Four United States students who travelled to Kosovo in solidarity with Albanian-speaking students in the troubled Serbian province have been jailed.
The students - named as Daniel Perez, Teresa Crawford, Bruce Warren and Alberto Cevallos - and two other US citizens were sentenced last week by a Pristina court to ten days in prison for failing to register with authorities.
They had gone to support the Kosovar-Albanian students in the campaign to "recover" their campuses from the Serbs. After the Serbian police action against alleged terrorists in the Drenica area, the US students stayed to join the demonstrations that followed and to observe last weekend's elections for the unofficial, ethnic Albanian "parliament" of Kosovo.
The arrests of the students, a human rights activist and a journalist were almost certainly due to the reluctance of the Serbian authorities in Kosovo to have any international attention on the elections.
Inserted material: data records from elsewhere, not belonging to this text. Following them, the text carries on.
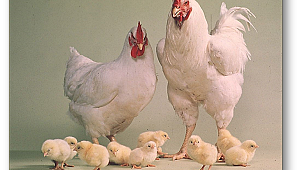 Tavuk ve yumurta üretimi arttı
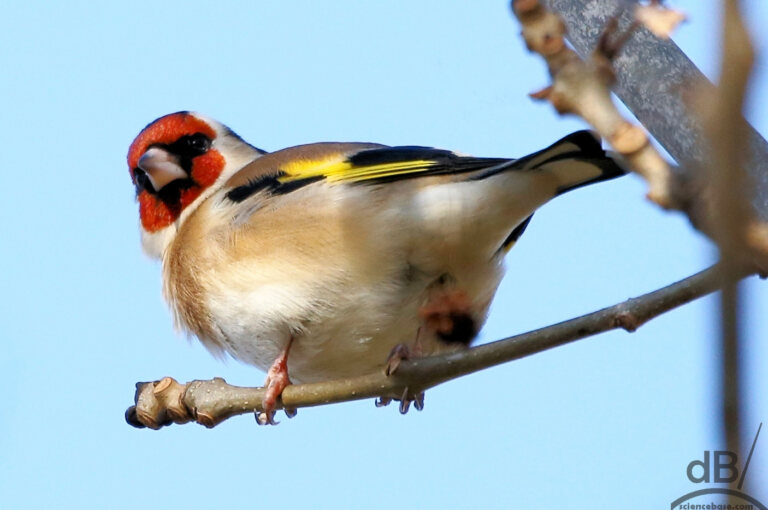 Goldfinch (Carduelis carduelis)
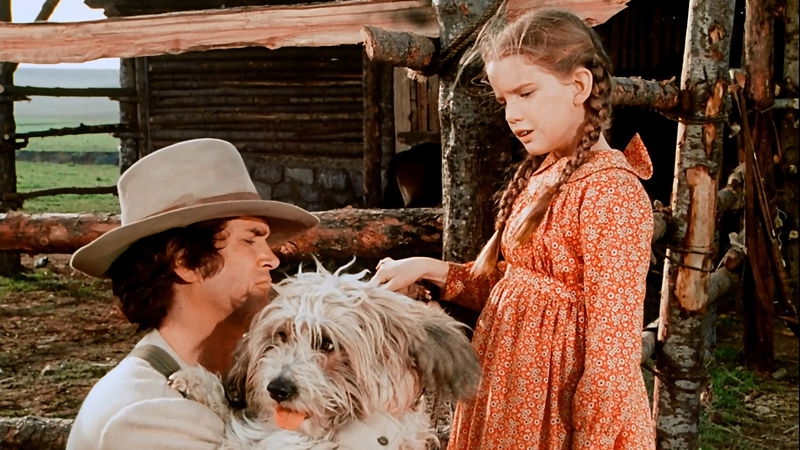 Still 'Little House on the Prairie' via TMDb
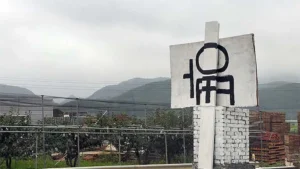 파주 적성면 천연 발효종 쌀빵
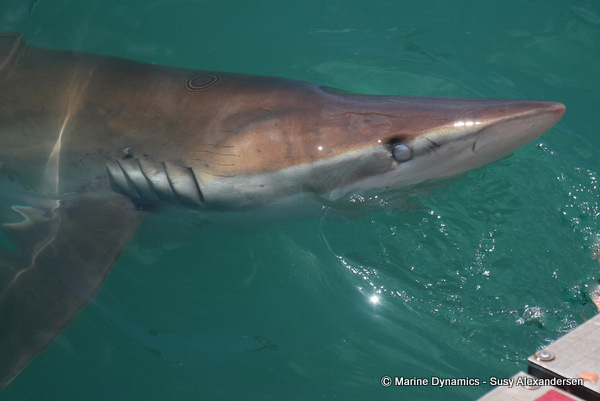 Bronze whaler shark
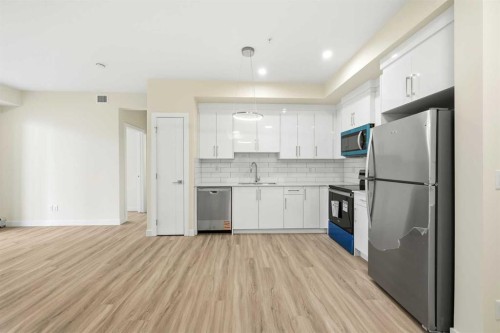 2314-15 Skyview Point Crescent Ne, Calgary, AB - Indoor Photo Showing Kitchen With Stainless Steel Kitchen With Upgraded Kitchen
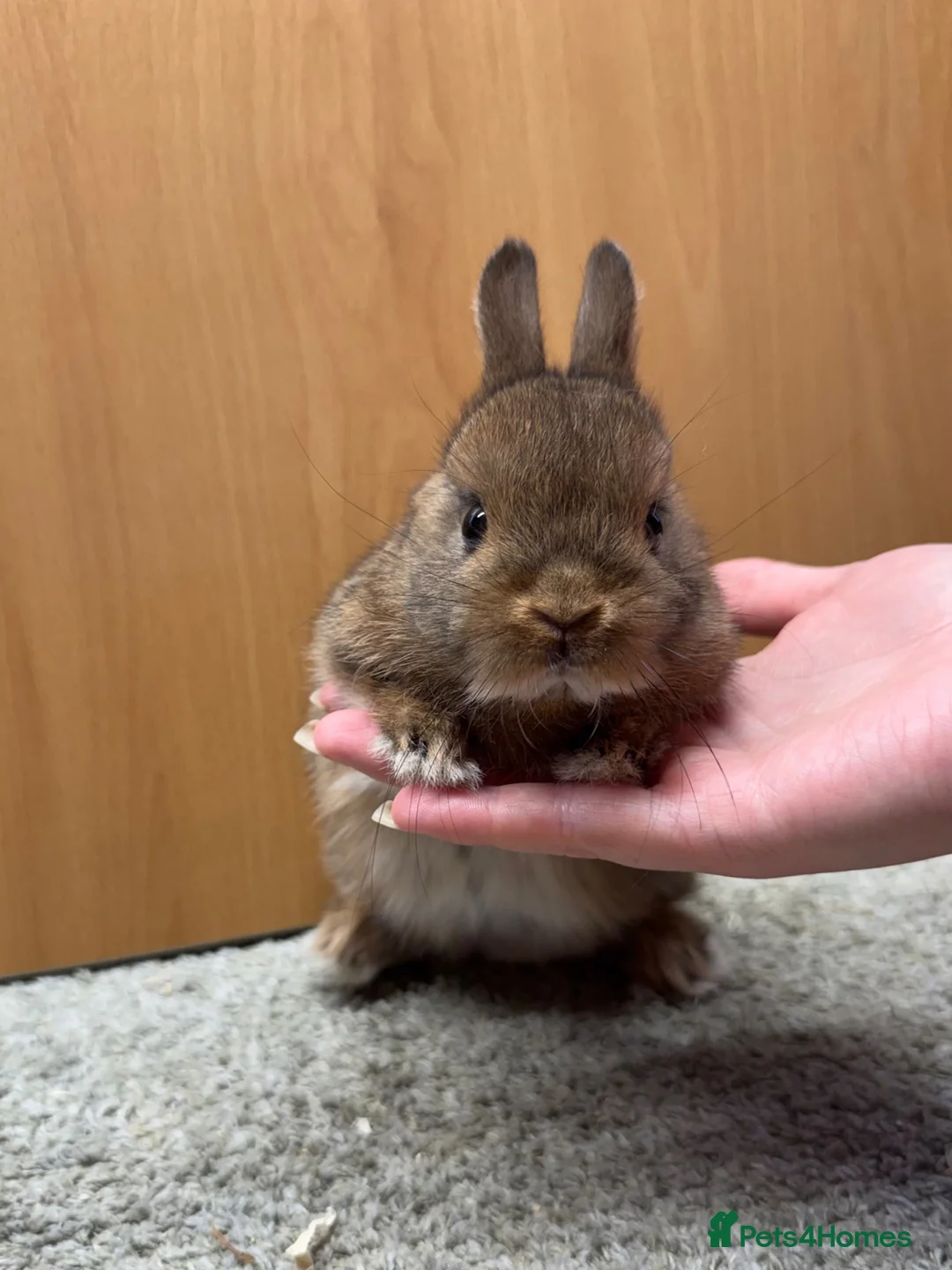 Netherland Dwarf rabbits for sale: Netherland dwarf  - Advert 1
A group of US congressmen who had intended to monitor the elections was not allowed into Kosovo and had to remain in neighbouring Macedonia.
Ironically, the student activists whom the US students had gone to support were not in favour of the elections. They had put out a statement urging that the elections be deferred in light of the Drenica killings. Nevertheless, when political leaders of the Kosovar Albanians decided that the elections should go ahead, the students turned out in force to vote.
In Belgrade, Serbian president Milan Milutinovic made a token response to suggestions from the international community that "normalisation" of the education situation in Kosovo would be seen as a sign of Serbian goodwill.
On March 16, Mr Milutinovic met Vincento Paglia, a founder of the St Egidio foundation that, in August 1996, brokered the agreement that was supposed to lead to a phased return of Kosovar-Albanian students to the classes that they have been excluded from for seven years.
In Pristina two days later, the students of the (Serbianised) University of Kosovo staged a demonstration, ostensibly against Kosovar-Albanian "terrorism", but possibly triggered by the meeting between Milutinovic and Paglia.
The deal was signed this week by Ratomir Vico, the Serbian minister in charge of relations with Kosovo, and leaders of the largest Kosovar Albanian political party. However, it was greeted with hostility by Radivoje Papovic, rector of the University of Pristina, and condemned by the university council as a concession to Kosovar separatists.
Under the deal, the university will reopen to Alabanian-language academics and former students on March 30, and faculties will be integrated by October.